アイ.エス.テイ “概念変える”ウール開発
2024年08月05日 (月曜日)
高機能素材製造のアイ.エス.テイ(IST、大津市)はこのほど、原料への加工技術で「これまでの概念を変える」新たなウール素材「プラチナウール」を開発した。
7月にイタリアで開かれた国際生地見本市「ミラノ・ウニカ」(MU)で初めて披露。「サンプルを手に取った来場者の顔の表情が変わるほどで、強い手応えを感じた」として、国内外のトップブランドに向け市場開拓に乗り出す。
プラチナウールは10年前に研究開発を始め、2年前から安定した品質で生産できるようになってきた。自社開発の設備で独自の加工技術(特許取得)を駆使し、繊維一本一本の表面を磨き上げる手法で生産する。
素材の良さをそのままに、欠点であるチクチク感を排除。繊維径が極めて細く、優しい肌触りとともに、滑らかな表面により、毛玉ができにくい。艶やかな光沢感がありながら触るとひんやりとすることから「ウールでもカシミヤでもない、全く新しい」素材感を出せ、秋冬だけでなく春夏向けでも提案ができる。
MUでは欧米の市場開拓で協業する、イタリア・ビエラ地区にあるニットメーカーCMテスティのブースを通じて出展。ISTは航空・宇宙分野で使われるポリマー材料の製造など、もともと異業種から繊維業に参入し、「新たな視点から素材開発ができるバックボーンがある」。さらに欧州では日本以上に環境配慮に対する意識の高まりもあって、MUでは来場者から「テクノロジーに対する期待感も感じた」と言う。

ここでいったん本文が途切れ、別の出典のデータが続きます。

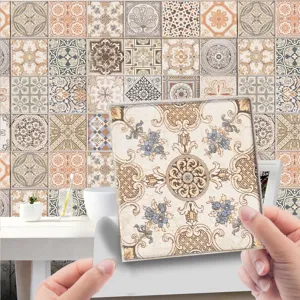 Adesivo Murale Piastrella a Mosaico Retro Impermeabile Autoadesivo PVC Wall Decal Per Cucina Bagno Decorazioni Casa Soggiorno Camera da Letto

「薄手であれば羽衣のようなさらっとしてふわっとした」重さを感じない質感に加え、ごわごわした感触になりやすい圧縮ジャージーでもしなやかで上質感のある生地に仕上がる。価格帯は1㌔1万3千~1万5千円ほどで「まずはトップオブトップのゾーン」へ販路開拓を進める。
商標を取得し、海外でも「ISTプラチナウール」として取得を進める。ウールマークや、責任あるウールの調達に関する自発的な国際基準レスポンシブル・ウール・スタンダード(RWS)の認証も取得した。
糸は24、58、80、100(200双)毛番手を軸に展開し、協力工場を通じてジャージーや織物の供給もできる。2026年には年間で100㌧の生産を計画、5~10年後にはプラチナウール全体で売上高50億円を目指す。
同社は03年に梳毛紡績、毛織物製造の日興毛織(岐阜県羽島市)の事業を継承。羽島事業所(旧日興テキスタイル)でトップ工程から梳毛紡績までの一貫生産体制を構築している。紡績技術を駆使し、見た目以上の軽量感のある糸「カールカール」は国内だけでなく、中国や東南アジアへも輸出している。